Thomas Buckland

Personal information
- Date of birth: 1870
- Place of birth: Bangor, Wales
- Date of death: 1932 (aged 61–62)
- Place of death: Pontypridd, Wales
- Position(s): Defender

Senior career*
- Years: Team / Apps / (Gls)
- 1891–1904: Bangor City

International career
- 1899: Wales / 1 / (0)

= Thomas Buckland =

Welsh footballer

Thomas J. Buckland (1870 — 1932) was a Welsh international footballer.

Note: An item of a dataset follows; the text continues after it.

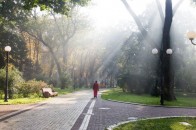 Синоптики розповіли, коли в Україну прийде довгоочікуване потепління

During his career, he played 13 seasons for his hometown club Bangor, winning the Welsh Cup in 1896. He also gained one cap for the Wales national side in a match against England in 1899.

==Early life==
Buckalnd was born in Bangor, Gwynedd, Wales, in 1870. His father worked as a shipping agent.

==Career==
Buckland played club football for his hometown side Bangor, becoming a "stalwart" of the side for several years. He spent 13 seasons with the club and helped the side win the Welsh Cup in 1896, defeating Wrexham 3–1. In the Who's Who of Welsh International Soccer Players, Buckland was described as a hard-working player, he earned a reputation [...] as something of a "war horse"".

During his career, Buckland earned one cap for the Wales national football team. He replaced the injured Jack Jones in a 4–0 defeat to England on 20 March 1899 at Ashton Gate Stadium. Although described in one match report as "the pick of the half-backs", he never played for Wales again. He died in Pontypridd, South Wales in 1932 at the age of 63.